Hi there, I'm a junior in university looking into grad programs for literary criticism (eventually).

My GPA isn't fantastic—probably horrendous considering the schools I dream of going to—but I'm working on a senior honors thesis and I was chosen to be published in a forthcoming volume of lit criticism, which apparently doesn't happen very often for undergrads.

I've also published some literary criticism through The New Inquiry.

I'm not particularly wild about going to grad school right now but since I'm in the McNair Program and have shown interest in research in the past I want to at least be eligible in case, maybe 10 years from now, I decide to go into academia forreals.

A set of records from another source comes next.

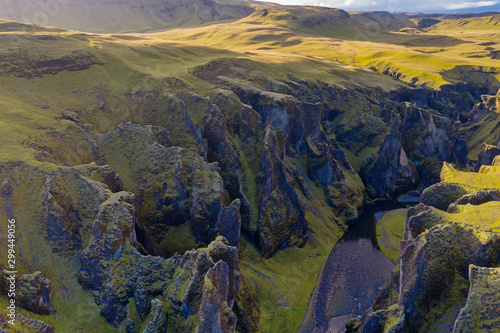 The most picturesque canyon Fjadrargljufur and the shallow creek, which flows along the bottom of the canyon. Fantastic country Iceland. September 2019. aerial drone shot © Сергій Вовк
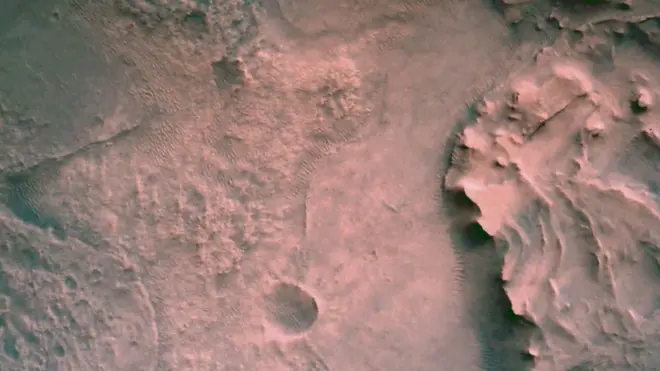 अवतरणका लागि तल झर्दै गर्दा देखिएको जेजेरो क्रेटर। यो तस्बिरको मध्य बायाँतर्फ अवतरण गरेको थियो। दायाँतर्फ भएको उठेको भाग प्राचीन समयमा बग्दै आएको नदीले काटेको भूभाग मानिन्छ। यो ठाउँबाट रोभरले माटो र चट्टान निकालेर ट्यूबहरूमा भर्नेछ जुन भविष्यमा पृथ्वीमा ल्याउने योजना छ।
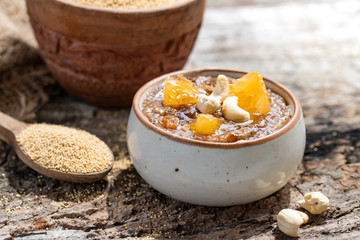 Delicious amaranth topped with cashew nuts. Healthy colorful gluten free food concept. Raw Organic Amaranth Grain in a Bowl witn wooden spoon. Rustic wooden background. healthy vegetarian Breakfast.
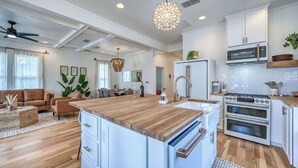 A modern kitchen with white cabinetry, a central island with a wooden countertop, and built-in appliances including a microwave and oven.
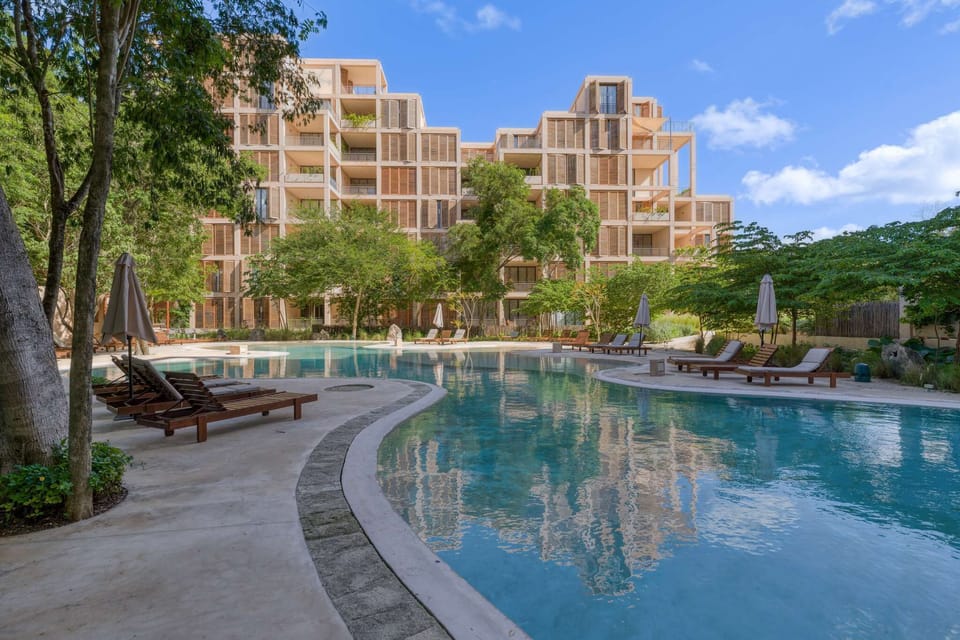 Shared pool with sun loungers 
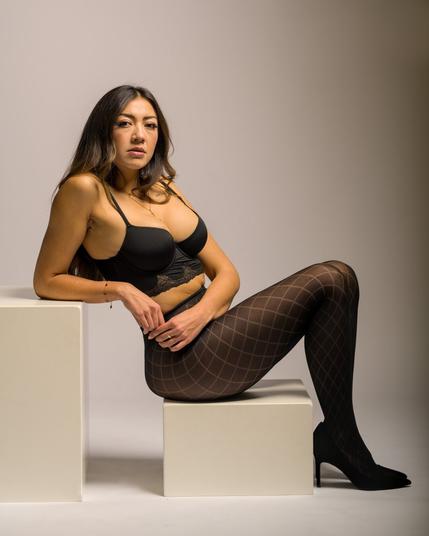 Eine Frau sitzt auf weißen Würfeln in einem Fotostudio mit weißem Hintergrund. Sie trägt elegante Unterwäsche von Victoria's Secrets und wirkt selbstbewusst und elegant. Das Studio ist minimalistisch, mit einem klaren und sauberen Setup, das den Fokus auf sie lenkt.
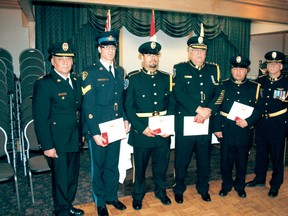 reaty Three Police Service Chief Conrad DeLarond (left) and Deputy Chief Terry Armstrong (right) flank Queen Elizabeth ll Diamond Jubilee Medal recipients Det. Sgt. Doug MacKenzie, Const. Mitchell Boulette, Chief Brian Rupert (retired) and Const. Justin Booth. The medal was also presented posthumously to Mr. Joe Red Thunderboy who was instrumental in the formation of the aboriginal police force and served as chairman of the Treaty 3 police services board for seven years.
REG CLAYTON/Daily Miner and News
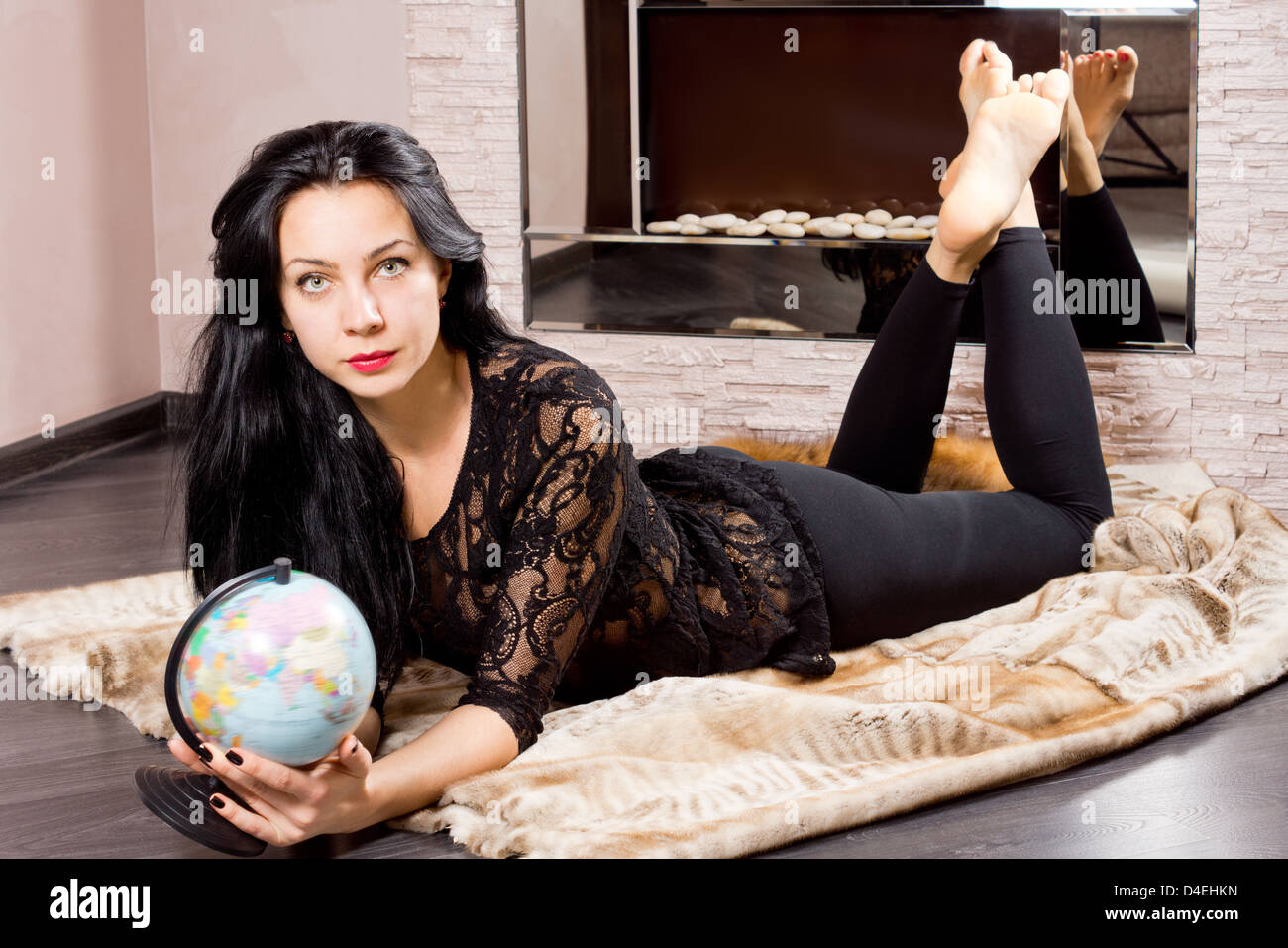 Beautiful woman planning a trip lying barefoot on a fur coat on the floor clutching a globe in her hands Stock Photo
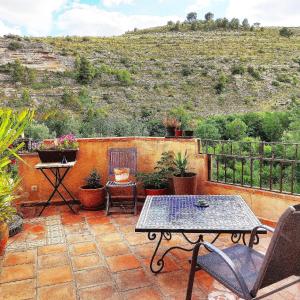 un patio con mesa, sillas y una colina en Al-Axara Home Spa, en Cubas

So, how much do grades matter compared to writing samples? I've read that writing samples matter more but just wanted to be sure, I guess

YMMV, but what I found out was that my idea of a "good" GPA was higher than it needed to be. Full disclosure, I finished with a 3.86, so that might be a lot higher than you're talking about. (And I hope that doesn't sound braggy - I only had two years to muck it up during since I transferred from a CC.) Anyway, I was worried that I'd be competing exclusively with 3.9 and 4.0 students in the top programs, but my adviser told me that a 3.86 is actually quite good and she would consider anything over a 3.6 to be a mark in favor on an application.

I think outside of the writing sample/grade balance, that publication is going to go a long way in making up for whatever your GPA might be. There's also the question of if you have an upward trend in GPA to offset a lower number, or if you end up with great GRE scores. Basically I wouldn't write off your application ability based on any one factor unless it's below an actual cutoff.